Ce refus intervient après que le PM avait demandé au leader de l’Opposition, Arvin Boolell, de consulter ce rapport, mais ce dernier avait refusé.

« Si le Premier ministre est de bonne foi, il aurait dû, en tant que Premier ministre, appeler le leader de l’Opposition dès le premier jour qu’il a reçu ce rapport de la BAD. » Même là, indique-t-il, le Premier ministre aurait dû demander la permission du président de la BAD.  « Il aurait dû expliquer à ce dernier que nous sommes une démocratie respectueux du ‘rule of law’, mais vu qu’il y avait force majeure, il doit consulter avec le leader de l’Opposition ».

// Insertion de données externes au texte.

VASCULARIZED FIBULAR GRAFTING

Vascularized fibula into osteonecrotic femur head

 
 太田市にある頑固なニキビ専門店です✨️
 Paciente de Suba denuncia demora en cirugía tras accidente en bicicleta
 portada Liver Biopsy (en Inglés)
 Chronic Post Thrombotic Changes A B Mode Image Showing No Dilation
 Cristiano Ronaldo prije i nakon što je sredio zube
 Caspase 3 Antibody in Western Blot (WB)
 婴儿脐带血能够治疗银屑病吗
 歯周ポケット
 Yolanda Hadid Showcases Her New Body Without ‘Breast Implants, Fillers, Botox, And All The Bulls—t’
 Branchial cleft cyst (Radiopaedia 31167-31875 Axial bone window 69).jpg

« Quand vous avez un rapport confidentiel, vous ne le fuitez pas. Pravind Jugnauth dit qu’il est une personne de principe. Si c’était le cas, il n’aurait pas brandi ce rapport devant tout le monde », déclare Arvin Boolell.

Il affirme qu’il a aussi donné des informations au PM sur cette affaire, soit directement, soit à travers le Secretary to the Cabinet. « Le PM fait malheureusement fi des confidentialités », s’insurge-t-il.

Il a dit au Premier ministre qu’il retournera vers lui, après consultation avec le bureau politique du PTr et les autres chefs de file de l’Opposition.

Arvin Boolell explique qu’il a aussi envoyé un courriel suivi d’une lettre officielle en tant que leader de l’Opposition au président de la BAD, comme ce dernier le lui avait demandé.

Il est aussi revenu sur le récent point de presse de trois ministres du gouvernement. Parmi se trouvait l’Attorney-General, Maneesh Gobin, qui est censé être le garant de nos lois en tant que ministre de la Justice. « Il n’a pas le droit de faire de la politique sur une ‘legal issue’, alors que c’est le principal conseiller juridique du gouvernement », dénonce Arvin Boolell. Il n’a pas manqué d’égratigner le ministre Bobby Hurreeram, qui selon lui, ne sait que se livrer à des « agressions verbales ».

Il réitère qu’une commission d’enquête est nécessaire sur cette affaire, présidée par un juge indépendant, avec des séances en public.